■ **Work to be completed**:
Please return every line of the records below that contains the word "with".

Top of Source data

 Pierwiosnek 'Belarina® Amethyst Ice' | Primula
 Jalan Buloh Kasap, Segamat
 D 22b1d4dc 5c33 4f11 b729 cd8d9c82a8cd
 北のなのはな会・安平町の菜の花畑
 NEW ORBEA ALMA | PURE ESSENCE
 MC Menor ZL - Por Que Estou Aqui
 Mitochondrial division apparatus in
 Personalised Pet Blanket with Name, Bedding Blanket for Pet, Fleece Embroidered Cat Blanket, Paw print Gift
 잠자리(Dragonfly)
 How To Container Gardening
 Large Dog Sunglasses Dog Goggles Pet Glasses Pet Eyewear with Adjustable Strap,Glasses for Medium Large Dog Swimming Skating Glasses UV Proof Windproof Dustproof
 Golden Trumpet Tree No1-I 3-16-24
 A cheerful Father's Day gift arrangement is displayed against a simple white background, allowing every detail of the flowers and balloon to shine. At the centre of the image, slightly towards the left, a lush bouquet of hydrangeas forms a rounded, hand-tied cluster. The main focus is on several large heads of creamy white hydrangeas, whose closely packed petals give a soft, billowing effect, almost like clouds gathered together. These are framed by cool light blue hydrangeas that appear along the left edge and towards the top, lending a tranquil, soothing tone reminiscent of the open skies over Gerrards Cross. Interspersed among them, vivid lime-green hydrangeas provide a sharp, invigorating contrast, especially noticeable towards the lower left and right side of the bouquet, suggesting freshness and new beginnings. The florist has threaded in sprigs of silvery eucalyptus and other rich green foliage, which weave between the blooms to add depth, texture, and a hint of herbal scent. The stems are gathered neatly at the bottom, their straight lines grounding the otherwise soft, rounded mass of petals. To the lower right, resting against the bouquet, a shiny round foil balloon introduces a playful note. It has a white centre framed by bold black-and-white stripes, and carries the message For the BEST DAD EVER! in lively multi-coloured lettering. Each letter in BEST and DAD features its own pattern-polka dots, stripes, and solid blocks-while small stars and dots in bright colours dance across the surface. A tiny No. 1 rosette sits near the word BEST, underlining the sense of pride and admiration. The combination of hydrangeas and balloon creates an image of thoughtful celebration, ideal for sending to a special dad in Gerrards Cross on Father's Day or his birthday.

Bottom of Source data

■ **Output for this task**:
 Personalised Pet Blanket with Name, Bedding Blanket for Pet, Fleece Embroidered Cat Blanket, Paw print Gift
 Large Dog Sunglasses Dog Goggles Pet Glasses Pet Eyewear with Adjustable Strap,Glasses for Medium Large Dog Swimming Skating Glasses UV Proof Windproof Dustproof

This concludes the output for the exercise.